Naturalnie możliwość korzystania z pomocy w ramach usług assistance nie jest nieograniczona. W większości przypadków należy liczyć się z restrykcjami. Najlepszym tego przykładem są choćby domowe wizyty lekarza i pielęgniarki lub innych specjalistów, którzy zajmują się naprawą domowych usterek. Zwykle liczba takich wizyt ogranicza się od dwóch do czterech w ciągu roku. Ograniczony może być także ich koszt, na przykład jednorazowo od 300 do 600 zł.
Przed skorzystaniem z usług bankowego assistance należy zapoznać się z warunkami ubezpieczenia. Może się bowiem okazać, że konieczna będzie dopłata. W niektórych przypadkach ubezpieczyciel (usługę oferowaną przez banki tak naprawdę świadczą firmy ubezpieczeniowe) może pokrywać wyłącznie koszt dojazdu i robocizny specjalisty, natomiast już za części trzeba będzie zapłacić z własnej kieszeni. Warto pamiętać także o ograniczeniach wiekowych naprawianego sprzętu. W przypadku AGD/RTV ubezpieczeniem objęte mogą być przedmioty nie starsze niż siedem lat, ale będące już po okresie gwarancji. Podobnie z autami, w niektórych przypadkach ubezpieczyciele zastrzegają, że podejmą się pomocy wyłącznie dla samochodów nie starszych niż 10 lat.

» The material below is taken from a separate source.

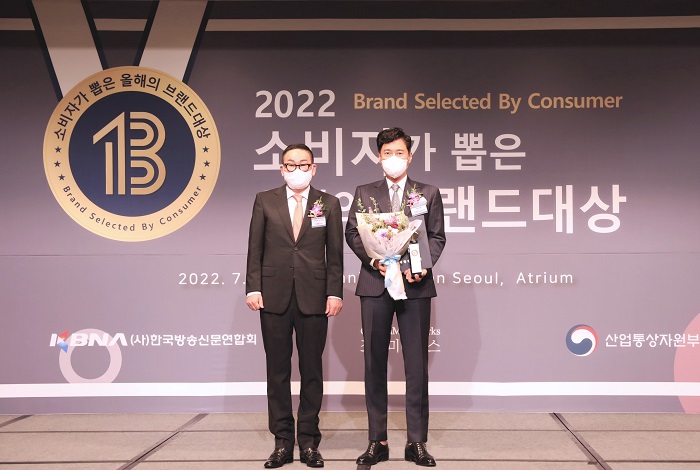 ▲ 이창우 보람상조개발 대표이사(오른쪽)가 2022 소비자가 뽑은 올해의 브랜드대상에서 기념촬영을 하고 있다. ⓒ보람상조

Dołączane do kont bankowych lub kart ubezpieczenie assistance może okazać się pomocne w nagłych, ale niezbyt skomplikowanych sytuacjach. Zwykle jednak kiedy zachodzi konieczność skorzystania z usługi klienci zapominają, że mają do niej prawo. Nie bez znaczenia jest także treść regulaminów, która w niejednym miejscu może zniechęcać do skorzystania z tego typu usług.